Democratic House will “flip the script,” Horsford says

horsford wins
Steven Horsford celebrating his primary victory in June. Nevada Current file photo.

When Democrats take control of the House of Representatives next month, they will craft the agenda that will shape the 2020 election, says Democratic congressman-elect Steven Horsford.

“It is incumbent upon us to bring bold proposals forward to move our country forward,” Horsford says. “Whether the Senate acts on them, whether the president passes them or not, we have to put these ideas forward. I believe they will be passed when we elect a new president in 2020.”

Inside Gritz Cafe near the historic west side, Horsford sat with Nevada Current to discuss his hopes for the next two years and the priorities he and his fellow Democrats will be focusing on.

“I’m going to work even harder to deliver on the issues people care about,” he says. “Health care, gun safety, job creation, student debt, housing, you name it.
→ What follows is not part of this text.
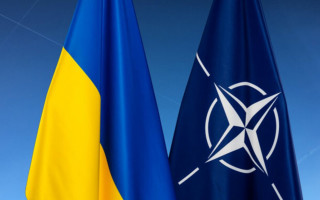 НАТО согласует новый генеральный план отпора РФ в нескольких направлениях, – Reuters
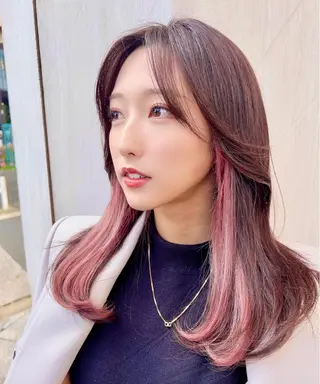 セミロング カラー ブリーチ＆カラーが 得意☀️望月宣雄☀️のヘアスタイル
We have a lot of challenges, but we have to get to work because people are counting on us to deliver for them.”

Things have changed since the last time Horsford was elected to Congress in 2012. Though there is now a Republican president, Democrats are no longer in the minority in the House.

“We get to lead,” he says. “We don’t have to wait for Republicans to allow us” to call hearings or bring legislation up for a vote. “We get to determine that.”

In his prior single term in Congress, which he lost to Republican Cresent Hardy in the red wave of 2014, Horsford served on the committees for Homeland Security, National Resources and the Oversight and Government Reform and Financial Services.

“I do have my seniority, so I’m not going to be treated as a freshman,” he says. “At the moment, I’m looking forward to returning to the (Financial Services) committee.”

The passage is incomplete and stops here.